§ Exercise brief:
Go through the data that follows and restate each line exactly as it reads.

*** Material provided ***

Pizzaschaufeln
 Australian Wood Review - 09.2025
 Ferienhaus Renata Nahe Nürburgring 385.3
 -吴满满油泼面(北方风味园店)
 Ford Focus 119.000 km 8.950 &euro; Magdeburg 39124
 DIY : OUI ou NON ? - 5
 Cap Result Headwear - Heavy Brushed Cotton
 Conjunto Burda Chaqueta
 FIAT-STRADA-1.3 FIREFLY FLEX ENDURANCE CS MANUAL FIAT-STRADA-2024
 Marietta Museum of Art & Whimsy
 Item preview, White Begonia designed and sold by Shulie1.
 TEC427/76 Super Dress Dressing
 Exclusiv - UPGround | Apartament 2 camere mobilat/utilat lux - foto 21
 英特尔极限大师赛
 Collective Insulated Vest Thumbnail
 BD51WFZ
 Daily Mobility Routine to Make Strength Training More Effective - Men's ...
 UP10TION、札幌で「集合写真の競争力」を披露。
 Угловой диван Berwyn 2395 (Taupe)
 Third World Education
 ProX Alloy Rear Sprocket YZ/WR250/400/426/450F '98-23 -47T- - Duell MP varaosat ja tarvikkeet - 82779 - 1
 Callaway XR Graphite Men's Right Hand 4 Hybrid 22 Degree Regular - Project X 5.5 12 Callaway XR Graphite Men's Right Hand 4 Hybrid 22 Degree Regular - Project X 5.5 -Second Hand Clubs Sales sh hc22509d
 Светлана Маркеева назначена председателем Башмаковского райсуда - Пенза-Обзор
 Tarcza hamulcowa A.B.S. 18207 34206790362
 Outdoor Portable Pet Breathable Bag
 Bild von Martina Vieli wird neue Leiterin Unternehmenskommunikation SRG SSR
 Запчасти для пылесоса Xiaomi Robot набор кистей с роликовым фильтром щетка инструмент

*** End of Material provided ***

§ The answer:
Pizzaschaufeln
 Australian Wood Review - 09.2025
 Ferienhaus Renata Nahe Nürburgring 385.3
 -吴满满油泼面(北方风味园店)
 Ford Focus 119.000 km 8.950 &euro; Magdeburg 39124
 DIY : OUI ou NON ? - 5
 Cap Result Headwear - Heavy Brushed Cotton
 Conjunto Burda Chaqueta
 FIAT-STRADA-1.3 FIREFLY FLEX ENDURANCE CS MANUAL FIAT-STRADA-2024
 Marietta Museum of Art & Whimsy
 Item preview, White Begonia designed and sold by Shulie1.
 TEC427/76 Super Dress Dressing
 Exclusiv - UPGround | Apartament 2 camere mobilat/utilat lux - foto 21
 英特尔极限大师赛
 Collective Insulated Vest Thumbnail
 BD51WFZ
 Daily Mobility Routine to Make Strength Training More Effective - Men's ...
 UP10TION、札幌で「集合写真の競争力」を披露。
 Угловой диван Berwyn 2395 (Taupe)
 Third World Education
 ProX Alloy Rear Sprocket YZ/WR250/400/426/450F '98-23 -47T- - Duell MP varaosat ja tarvikkeet - 82779 - 1
 Callaway XR Graphite Men's Right Hand 4 Hybrid 22 Degree Regular - Project X 5.5 12 Callaway XR Graphite Men's Right Hand 4 Hybrid 22 Degree Regular - Project X 5.5 -Second Hand Clubs Sales sh hc22509d
 Светлана Маркеева назначена председателем Башмаковского райсуда - Пенза-Обзор
 Tarcza hamulcowa A.B.S. 18207 34206790362
 Outdoor Portable Pet Breathable Bag
 Bild von Martina Vieli wird neue Leiterin Unternehmenskommunikation SRG SSR
 Запчасти для пылесоса Xiaomi Robot набор кистей с роликовым фильтром щетка инструмент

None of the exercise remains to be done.